故に、万一、清算なるものが在りとすれば、それは神より外に行えない事は、自明の理である。そこで神が行い給う、其方法を畏れ乍ら想像して、私はみたいのである。それは、再三言う如く、それが、太陽の輝く、昼の世界になるという事である。光明が照し出すという事である。
然し、私が斯う言えば太陽は、毎日出ているではないか。別に、此外に、昼の世界がある筈がないではないかと言うであろう。然し、私の言うのは、霊界の事である。此霊界と現界7の関係は、別の項で詳説する筈であるから、茲では無条件に、霊界なるものを信じて読んで貰うより外、致し方ないりである。
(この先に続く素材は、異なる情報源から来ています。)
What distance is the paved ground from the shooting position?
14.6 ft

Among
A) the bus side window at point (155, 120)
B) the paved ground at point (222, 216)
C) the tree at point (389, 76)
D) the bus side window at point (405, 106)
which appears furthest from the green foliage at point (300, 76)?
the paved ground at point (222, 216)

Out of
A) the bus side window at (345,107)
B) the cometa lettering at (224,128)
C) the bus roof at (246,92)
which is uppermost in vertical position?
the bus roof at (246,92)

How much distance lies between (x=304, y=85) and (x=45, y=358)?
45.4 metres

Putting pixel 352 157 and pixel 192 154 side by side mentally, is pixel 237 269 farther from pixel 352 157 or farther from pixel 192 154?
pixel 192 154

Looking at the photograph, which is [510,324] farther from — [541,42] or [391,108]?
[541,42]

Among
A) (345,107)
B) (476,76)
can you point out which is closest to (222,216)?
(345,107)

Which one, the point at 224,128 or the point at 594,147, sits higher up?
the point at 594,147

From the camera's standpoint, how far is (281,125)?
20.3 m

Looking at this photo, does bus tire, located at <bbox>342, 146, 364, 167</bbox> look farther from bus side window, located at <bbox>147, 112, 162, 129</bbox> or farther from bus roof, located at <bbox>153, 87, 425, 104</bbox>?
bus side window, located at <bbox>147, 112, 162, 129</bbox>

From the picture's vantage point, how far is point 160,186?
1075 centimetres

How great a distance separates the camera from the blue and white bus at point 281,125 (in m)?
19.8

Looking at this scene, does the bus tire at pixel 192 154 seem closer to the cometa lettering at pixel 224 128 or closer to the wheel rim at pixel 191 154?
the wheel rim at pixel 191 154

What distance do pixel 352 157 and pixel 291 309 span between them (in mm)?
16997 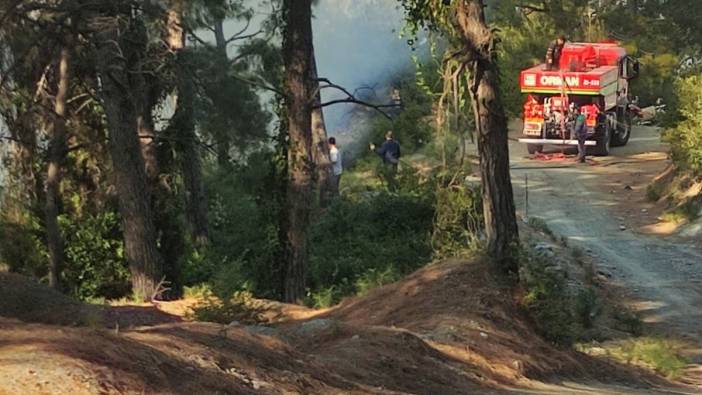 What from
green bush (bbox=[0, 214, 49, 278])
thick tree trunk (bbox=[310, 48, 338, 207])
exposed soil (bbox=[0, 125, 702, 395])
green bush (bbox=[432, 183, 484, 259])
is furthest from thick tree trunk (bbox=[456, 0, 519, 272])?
thick tree trunk (bbox=[310, 48, 338, 207])

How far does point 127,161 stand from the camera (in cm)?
1775

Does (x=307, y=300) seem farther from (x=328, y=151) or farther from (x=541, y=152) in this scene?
(x=541, y=152)

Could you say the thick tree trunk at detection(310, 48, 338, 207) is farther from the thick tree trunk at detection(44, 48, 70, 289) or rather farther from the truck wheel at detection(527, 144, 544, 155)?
the truck wheel at detection(527, 144, 544, 155)

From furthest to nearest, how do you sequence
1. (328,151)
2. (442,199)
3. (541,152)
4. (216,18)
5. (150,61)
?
(541,152) → (328,151) → (216,18) → (150,61) → (442,199)

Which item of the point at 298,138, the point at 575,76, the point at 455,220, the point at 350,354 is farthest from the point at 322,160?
the point at 350,354

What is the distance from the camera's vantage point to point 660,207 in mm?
28906

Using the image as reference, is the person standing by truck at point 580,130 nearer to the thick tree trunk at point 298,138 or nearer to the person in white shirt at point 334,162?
the person in white shirt at point 334,162

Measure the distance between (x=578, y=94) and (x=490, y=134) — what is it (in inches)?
839

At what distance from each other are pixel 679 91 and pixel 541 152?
25.9ft

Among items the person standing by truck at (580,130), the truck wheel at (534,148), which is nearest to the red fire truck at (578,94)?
the truck wheel at (534,148)

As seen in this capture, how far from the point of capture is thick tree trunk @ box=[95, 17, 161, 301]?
17656 millimetres

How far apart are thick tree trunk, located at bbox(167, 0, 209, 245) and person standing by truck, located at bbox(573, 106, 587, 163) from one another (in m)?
14.0

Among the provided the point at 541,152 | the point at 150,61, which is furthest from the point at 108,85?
the point at 541,152

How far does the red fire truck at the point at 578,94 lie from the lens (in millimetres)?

爰で私は、別方面の事実を挙げて論じてみよう。それは、私が日々病人を取扱っている関係上、医者と異う、独特の診断法を以て、各人を査べる時、実に驚愕するのである。それは、凡ゆる人の体内に滞留されている汚物と言えば体裁がいいが、実は膿汁である。此膿汁と毒血が、肉の中にも、血管の中にも驚く程多量に、如何なる人も有しているという、想像出来ない程の事実である。私は今日の人間をみて、能く生命を保っているとさえ思うのである。成程、患者なれば兎も角、健康な人も、数多く見るが、膿汁の滞留は病者と大差ないのである。何時重患が起るか判らないというだけの話である。此事実をみて、数千年間の、夜の世界に呼吸して来たので、其罪穢による、汚濁の推積であると思うより外はないのである。即ち、夜の暗黒に相応した人間であから、今日迄はいい様なものの、若し是等の人が、赫々たる太陽の光明に照らされたとしたならば、一体どうなる事であろう。想像するだに慄然とするのである。例えば、暗黒内に棲息した黴菌を、太陽の光に晒したら、どうなるであろう。又汚濁も塵埃も、夜では、はっきり見えないから可いようなものの、白昼の明るさは、到底誤魔化し切れる訳のものではない。之等によって見ても、太陽の光は、白昼の明るさは、凡ゆる汚濁を浄めずにはおかないのである。斯瞞は蔽隠す事が出来ない。秘密は忽ち暴露させる。罪悪は行い得ない。不正は影を潜め、闘争は打断られて了う。そうして、凡ゆる物の狂いは、是正され、社会の機構は合理的に動き、人は、公平なる時所位を得、善は栄え、万人生を楽しむ時代になるであろう。唯然し、此光明世界を信じられない人は、此時代に適合しない為に、其時迄に、没落の運命を辿るより致し方ないであろう。近く斯様な時代が、信ずると信ぜざるに拘わらず、好むと好まざるに係らず、迫って来るとすれば、それを信じ得ない人々の状態は、どうであろう。今迄隠し蔽せた罪悪が、秘密が、不正が、どしどし暴露して来る。又罪穢に充ちた身体は、崩壊するより致し方がない。黴菌が、太陽の光に死滅する様にである。斯様に、今迄の夜の世界とは、全然勝ってが違う時代が来る事は、予期し得らるるのである。国と国とは、闘争の結果、それが双方悪である場合、どちらも滅びるであろう。正なるもの神の意志に適合する者のみが残存し、そうして栄える事になるであろう。